La notizia che nel 1313, per suggerimento del D., il Comune di Orvieto assegnò 100 fiorini d'oro ai due cardinali che, dal 1307, erano stati mediatori per l'assoluzione dall'interdetto lanciato sulla città in seguito all'invasione del contado aldobrandesco, confermerebbe il nuovo status del D.: personaggio influente a cui si ricorreva, non più per affidargli responsabilità dirette nella gestione del governo popolare, ma per risolvere diplomaticamente complesse sitliazioni politiche che inserivano Orvieto nella sfera d'interesse della Curia romana.
Non si hanno più notizie del D. dopo il 1313, né si conosce la data esatta della sua morte.
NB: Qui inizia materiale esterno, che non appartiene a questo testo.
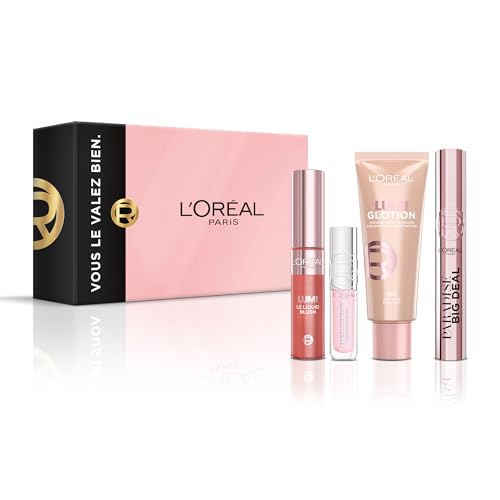 L'Oréal Paris - Make-up-Set Natural Glow – 4 Produkte – Mascara Big Deal, Highlighter Lumi Glotion, Lumi Blush, Lipgloss, Ambition mit Hyaluronsäure von L'Oréal Paris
Fonti e Bibl.: Guillelmi Nangiacis gesta Philippi tertii Francorum regis, in Recueil des historiens des Gaules et de la France, XX, a cura di P. C. L. Daunou-J. Naudet, Paris 1840, p. 516; Codice diplom. della città di Orvieto, a cura di L. Fumi, Firenze 1884, pp. 324, 326-29, 365, 367 ss., 375 s., 402; Annales Urbevetani, in Rer. Ital. Script., 2 ed., XV, 5, t. 1, a cura di L. Fumi, pp. 127, 133, 139, 159 s., 183 ss.; Cronaca di Luca di Domenico Manenti, ibid., pp. 287, 289 s., 316, 318 s., 336, 352 n.; Liber pontificalis, a cura di L. Duchesne, II, Paris 1892, pp. 463 s.; G. Ciacci, Gli Aldobrandeschi nella storia e nella Divina Commedia, II, Roma 1935, docc. 580, 646; G. Rondoni, Orvieto nel Medioevo, in Arch. stor. ital., s. 4, XIX (1887), pp. 385 s.; G. Pardi, Serie dei supremi magistrati e reggitori di Orvieto dalle libertà comunali all'anno 1500, in Boll. d. Società umbra di storia patria, I (1895), pp. 353, 375 s.; Id., Il catasto di Orvieto dell'anno 1292, ibid., II (1896), pp. 239, 275; Id., Comune e signoria a Orvieto, Todi s. d., p. 35; G. Ermini, La libertà comunale nello Stato della Chiesa, in Arch. d. R. Società romana di storia patria, XLIX(1926), p. 30; G. M. Monti, Una nuova fonte di storia angioina: un'altra cronaca martiniana in volgare, in Arch. stor. per le prov. napol., n. s., XXVIII (1945), pp. 81 s.; D. Waley, Mediaeval Orvieto, Cambridge 1952, pp. 53-58.